The choice that every investor will have to consider is: To vote in favor of, or against the Orthotouch transaction.
In favour of:
The current Orthotouch transaction has been improved from the original agreement initiated in March 2011. It is definitely not the first prize for investors, but under the current circumstances the best option available, given the fact that most of the investors are retired and dependent on the income of their capital to pay their monthly expenses.
It will give the investors a second chance to recover their capital at the end of a five years term. We must accept that the only way to create a win, win scenario is to negotiate an agreement that is possible to achieve.

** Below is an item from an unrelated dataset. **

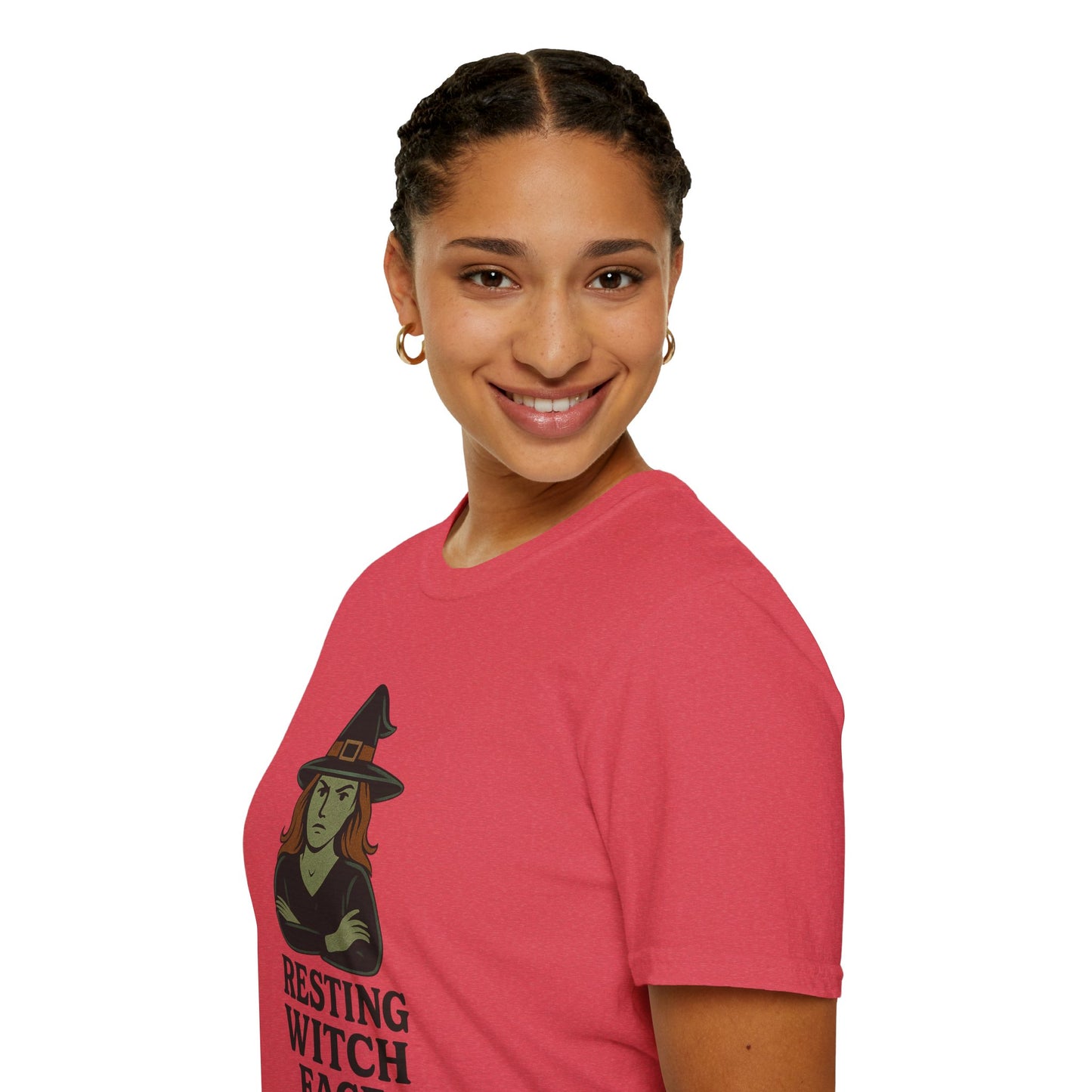 Resting Witch Face T-Shirt • Funny Halloween Witch Tee • Cozy Spooky Season Graphic Tee • Autumn Witch Shirt • Witches Aesthetic Fashion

If the parties to this agreement do not deliver on the agreed conditions of Orthotouch, the investors will still have the option to litigate. At this stage the best options seems to be to manage this process over the next five years and at least stand a change to recover losses and repay investors in full.
Litigation is a costly exercise not even to mention the time it will take to recover investor’s capital. It will mean that investors will no longer receive monthly interest payments and have no guarantee as to the ultimate recovery of their capital.